◆ GIVEN RECORDS:
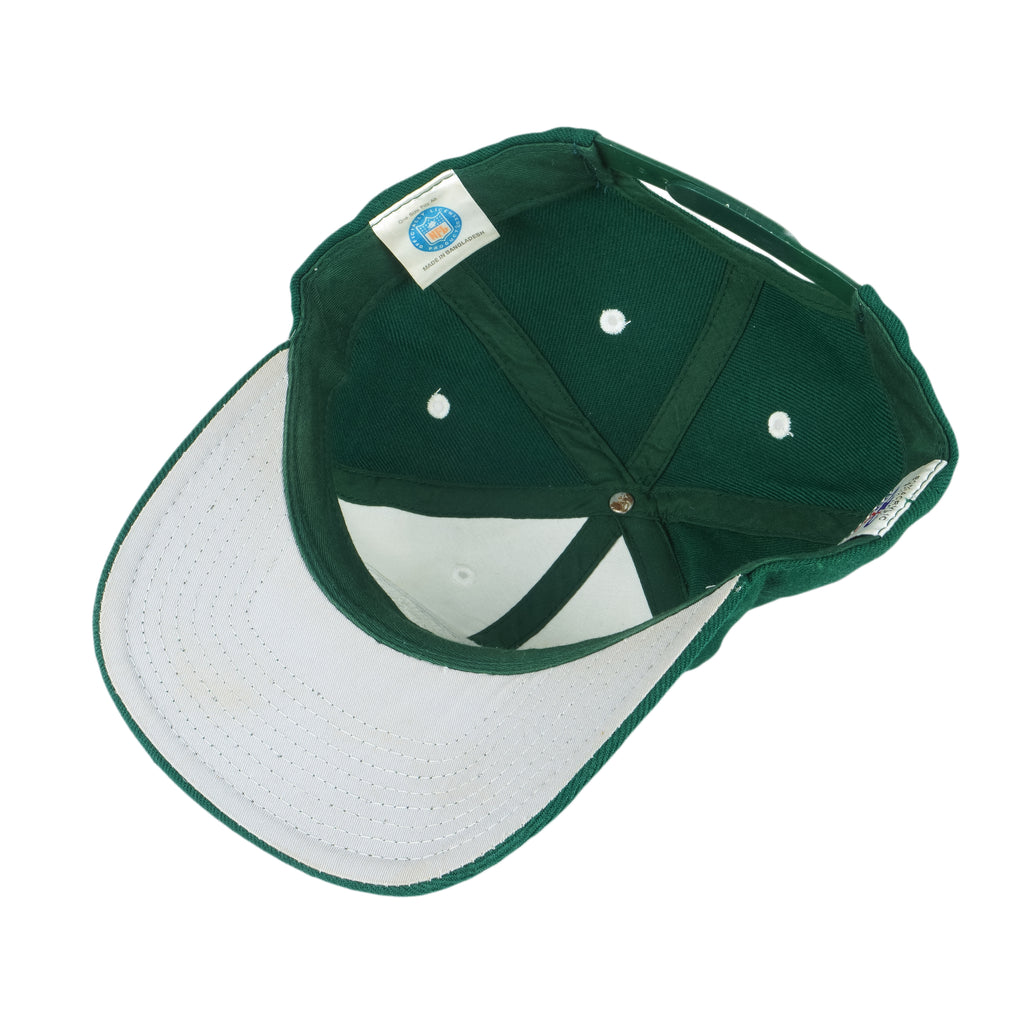NFL (Logo Athletic) - New York Jets Embroidered Snapback Hat 1990s OSFA Vintage Retro
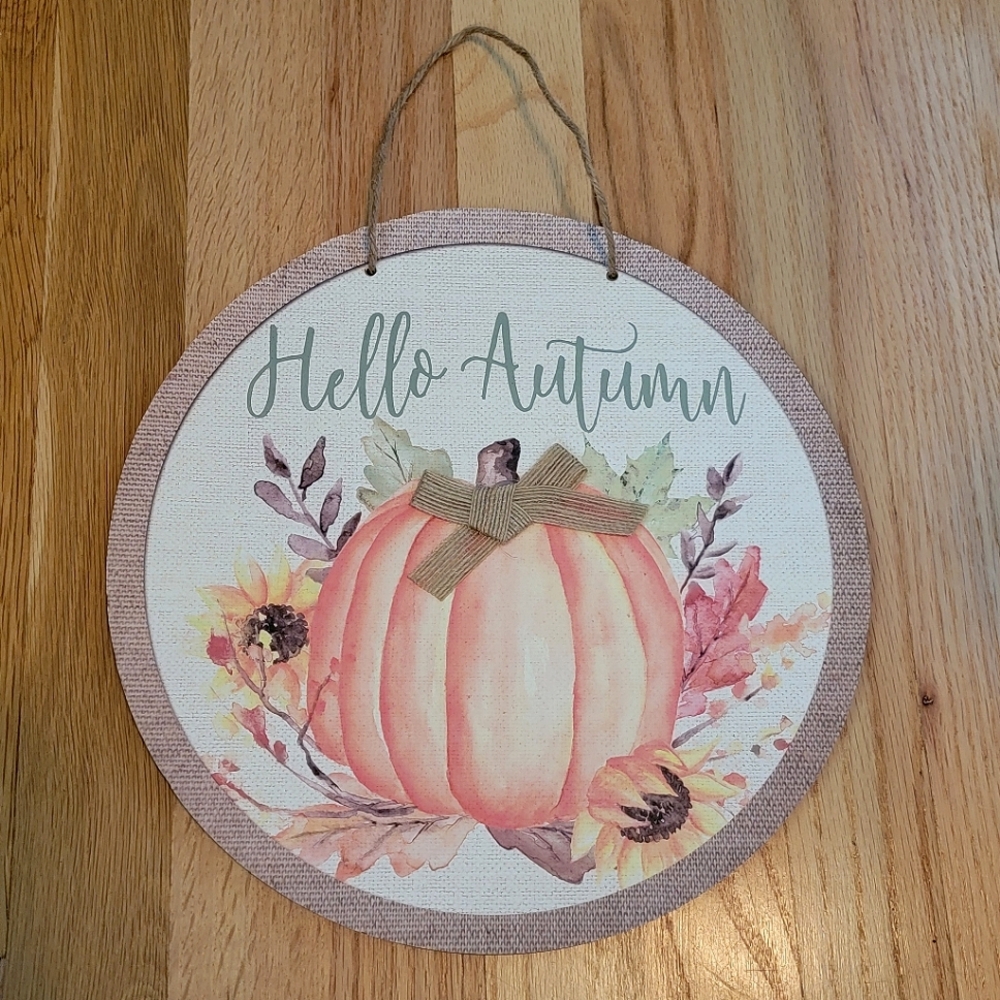 Hello Autumn Wall Hanging Wall Decor Sign For Crafting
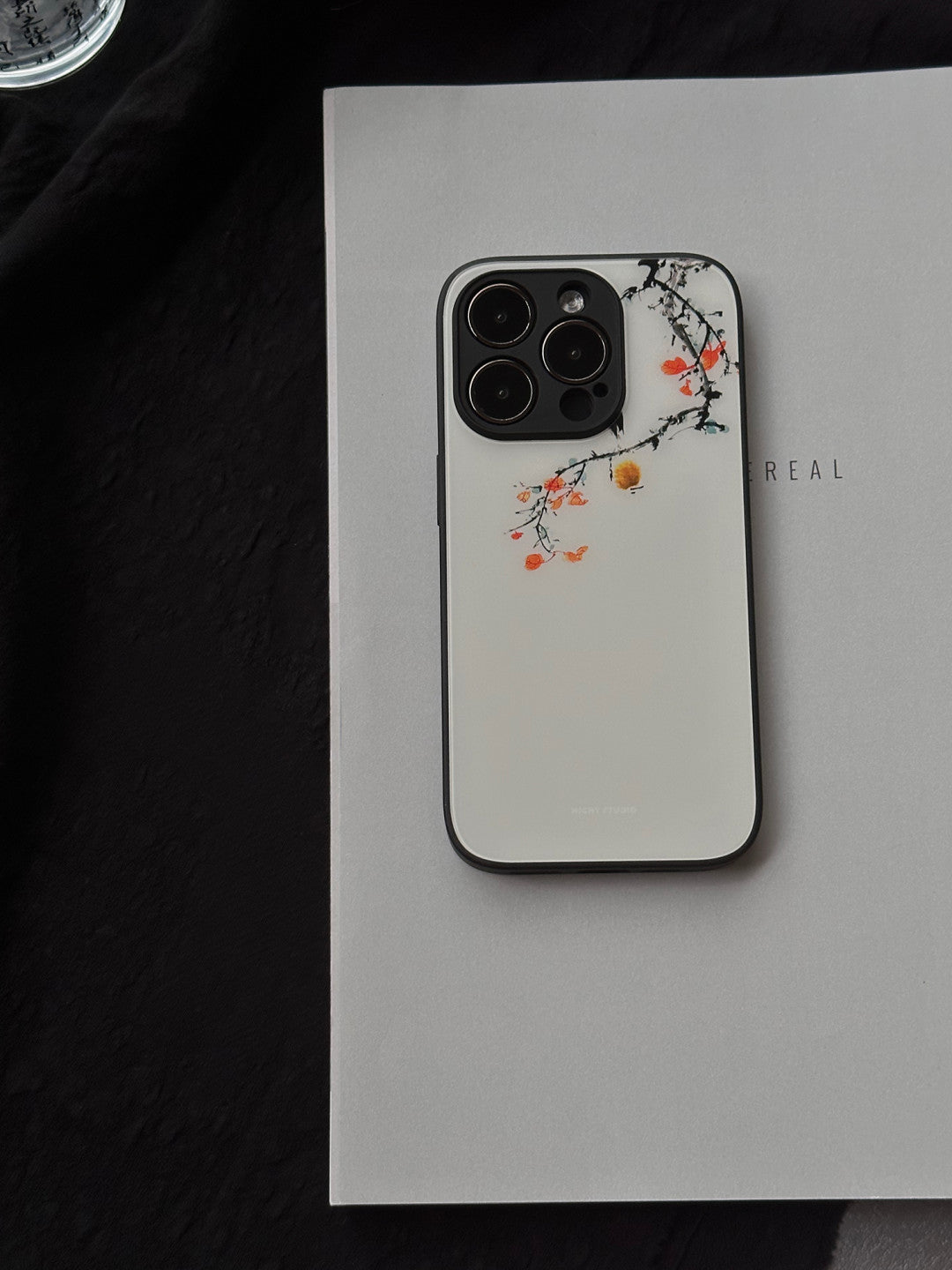 「Chinoiserie」Persimmon Printed Phone Case | iPhone Case | Three Fleas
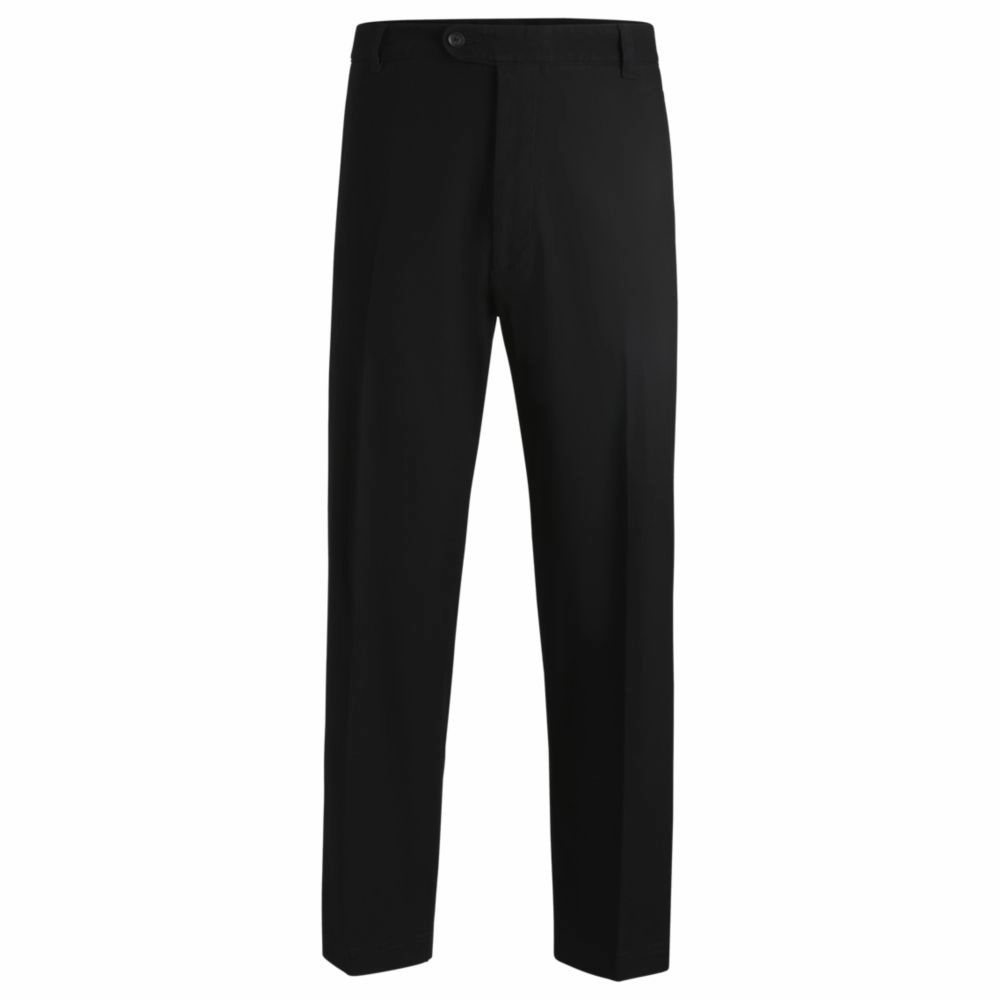 Straight-fit trousers in stretch-cotton dobby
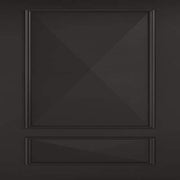 Knightsbridge Black Primed 2 Panel Interior Door - 1981mm x 838mm -
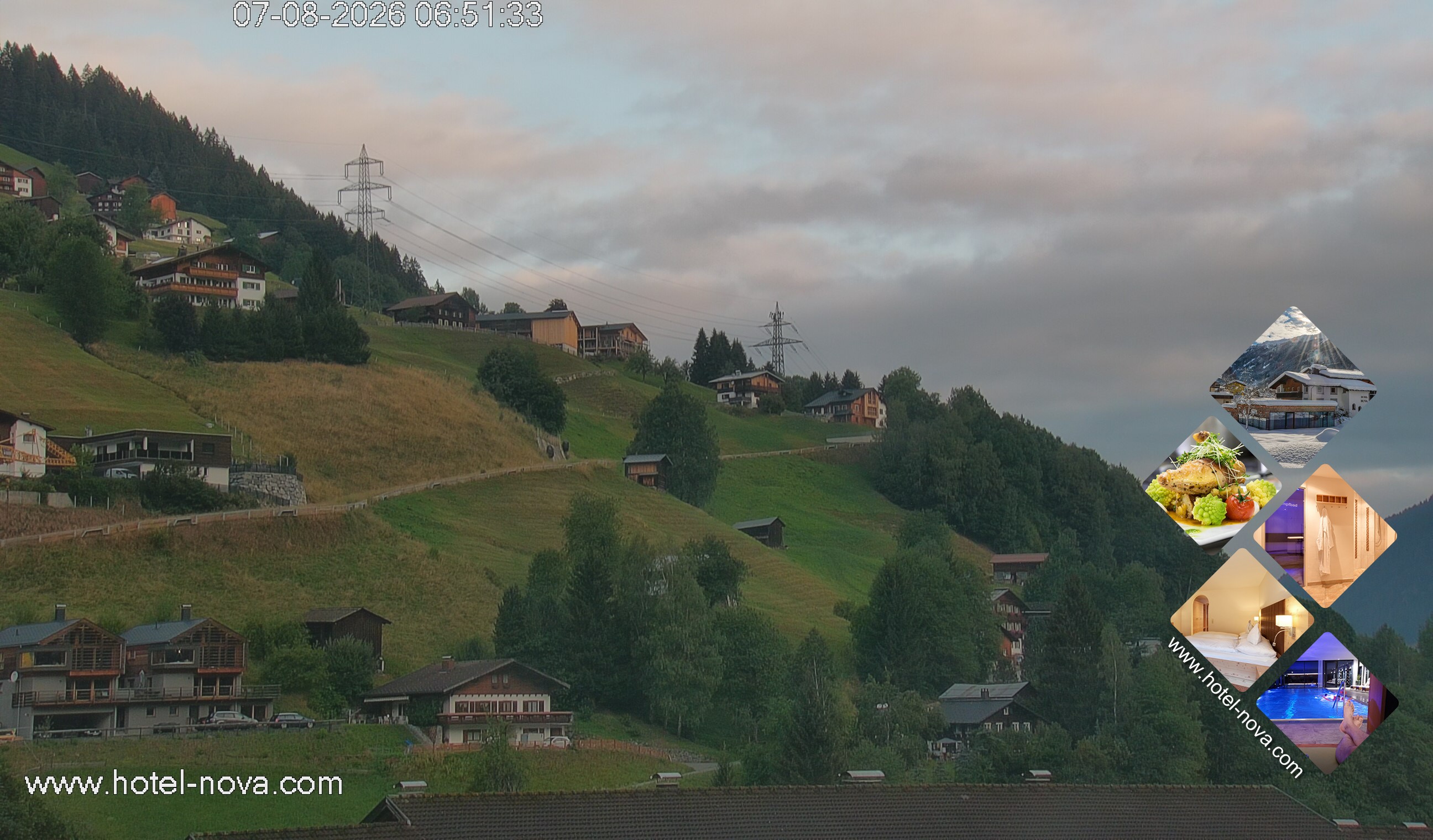 Archiv Foto Webcam Silvretta Montafon, Gaschurn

◆ WORK REQUIRED:
Type the listing above out again exactly, and omit all pictures.

◆ EXPECTED ANSWER:
NFL (Logo Athletic) - New York Jets Embroidered Snapback Hat 1990s OSFA Vintage Retro
 Hello Autumn Wall Hanging Wall Decor Sign For Crafting
 「Chinoiserie」Persimmon Printed Phone Case | iPhone Case | Three Fleas
 Straight-fit trousers in stretch-cotton dobby
 Knightsbridge Black Primed 2 Panel Interior Door - 1981mm x 838mm -
 Archiv Foto Webcam Silvretta Montafon, Gaschurn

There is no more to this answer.